But, as studies zoom in on our manicure obsession, they reveal shocking and sometimes sad news about our favorite nail services: the gel and acrylic manicures.

So, what is the truth about gel and acrylic overlays? Are they really that bad for us? Is one better than the other?

Here goes.

Let’s talk about Gel nails

First things first, what are gel nails? They’re basically nail overlays that are made up of a gel produce that is cured under an UV (ultraviolet) or LED (light emitting diode) light. You can kind of think of the gel mixture as a pre-mixed acrylic.

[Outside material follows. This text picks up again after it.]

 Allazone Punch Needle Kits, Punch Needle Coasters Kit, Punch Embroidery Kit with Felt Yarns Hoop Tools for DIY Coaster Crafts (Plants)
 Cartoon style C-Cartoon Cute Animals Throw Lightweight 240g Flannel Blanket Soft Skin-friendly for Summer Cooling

The polish is noted to last for two solid weeks, preventing chipping and peeling. The odor is very faint compared to that of the acrylic powder and liquid used. This is mostly due to the fact that gel products have a lack of VOCs (volatile organic compounds).

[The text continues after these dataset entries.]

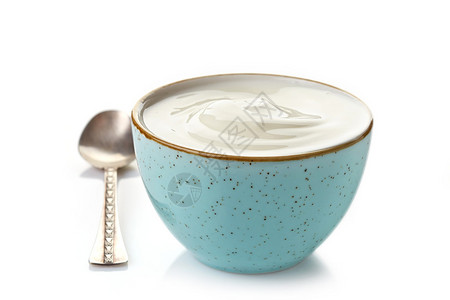 白色背景的希腊酸奶碗greeky图片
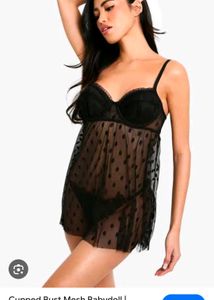 Sheer Polka Dot Babydoll slip with brief 👍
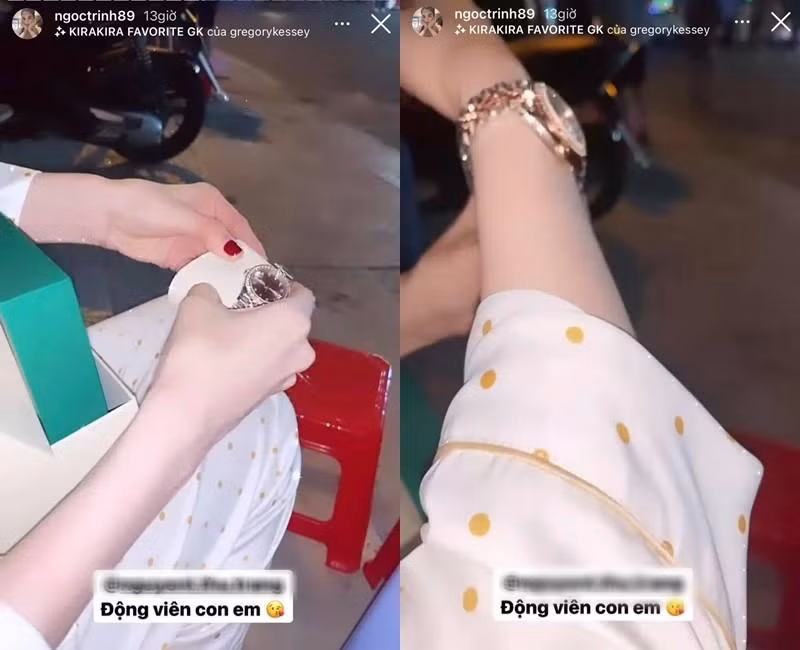 "Nữ hoàng nội y" gửi lời cảm ơn đến người bạn đã tặng mình chiếc đồng hồ mới.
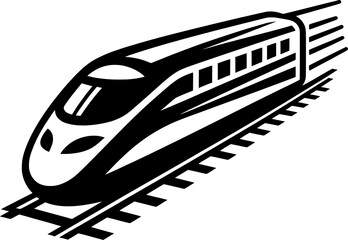 Vector art of black and white graphic of a modern bullet train speeding along railway tracks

How are gel nails applied?

In short, the process of applying gel nails is relatively simple. You first prep the nail by buffing the shine off of the nail, creating a base for adherence. From there, your nails are cleaned and air-dried for 15-30 seconds. Then you’ll have one layer of a gel primer applied, followed by a gel base and then top coat, making sure your skin is untouched. Next, you’ll have your nails placed under a LED lamp for 30 seconds. Then, you’ll have the gel color added. One layer is laced on your nails, and then you’re under the LED lamp for 60 seconds, followed by another layer of color and an additional 60 second LED lamp curing time.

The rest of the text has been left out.